A beautiful, authentic smile is an involuntary form of self expression. Universal in its message, a smile can communicate joy, excitement, and caring, all without language.
From a dentist's perspective, the essence of smiles is in their anatomy as well as cosmetic artistry. However, instead of writing about veneers, whitening, or any of the other many services and techniques that can enhance a smile, I thought it might be interesting to present some research on the phenomenon of the smile itself.
In 1862, the French neurologist G.B. Duchenne studied the muscles that cause us to smile and arrived at some interesting conclusions. A necessary characteristic of any smile, he found, is that the corners of the lip pull up with the help of the cheek muscles (zygomatic major). However, true joy is expressed on the face by the combined contraction of the muscles around the lips and very importantly, muscles around the eyes (orbicularis oculi). Of the two types of smiles, one being voluntary, Duchenne said, "the first obeys the will, but the second is only put into play by the sweet emotions of the soul." Artificial smiles can be performed at will because the brain signals that create them come from the conscious mind, prompting contraction of (zygomatic major) muscles in the cheeks. Real smiles come from another part of the brain and in addition to the zygomatic major muscles, also cause the orbicularis oculi muscles to contract around the eyes, as mentioned in PsychologyToday. This might be why we use the expression "sparkle in the eyes" when we talk about someone who is truly happy.

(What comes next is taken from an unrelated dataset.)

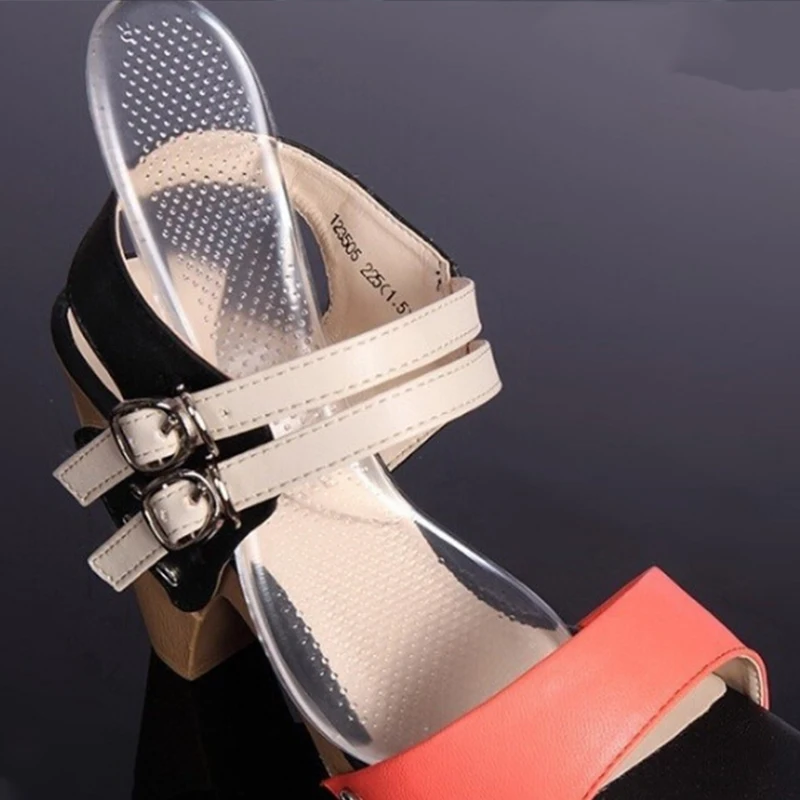 Женские гелевые стельки для ухода за ногами ортопедические на высоком каблуке с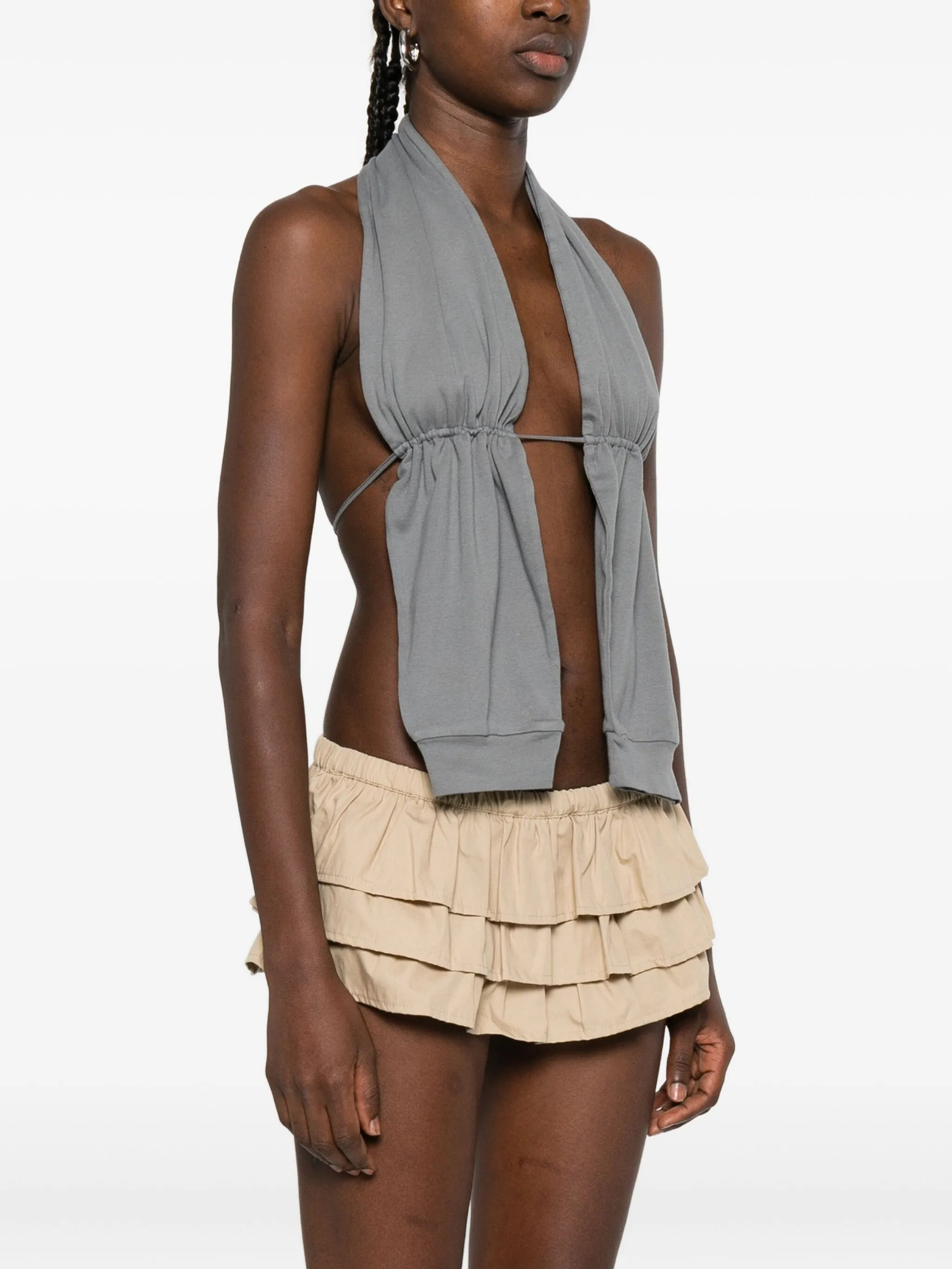 Gimaguas Tie-front Halter Top - 3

There are two main types of smiles and an authentic smile correlates with overall health, emotional fulfillment, and longevity. Psychologists LeeAnne Harker and Dacher Keltner analyzed 141 college yearbook photos of women, then matched up the smile ratings with personality data collected during a 30-year longitudinal study. Women who displayed true, Duchenne-worthy expressions of positive emotion in their 21-year-old photos had greater levels of general well-being and marital satisfaction at age 52, than those whose smiles were not Duchenne-worthy.
In a more recent study published in the Journal of Psychological Science, Ernest Abel and Michael Kruger of Wayne State University extended this line of research from emotional outcomes to a biological one: longevity. Abel and Kruger rated the smiles of professional baseball players captured in a 1952 yearbook, then determined each player's age at death (46 players were still alive at the time of the study). The researchers found that smile intensity correlated to longevity, with those smiling the biggest living longer than those who didn't smile at all.
The Duchenne smile is perceived as more sincere, honest, friendly, and approachable. Cultivating such a smile would have a positive influence on a person's feelings, state of being, and may influence his or her interpersonal relationships. So regardless of your age or sex, if you want to live a long and happy life, the Duchenne smile may be the most valuable gift you can give another person -- or yourself.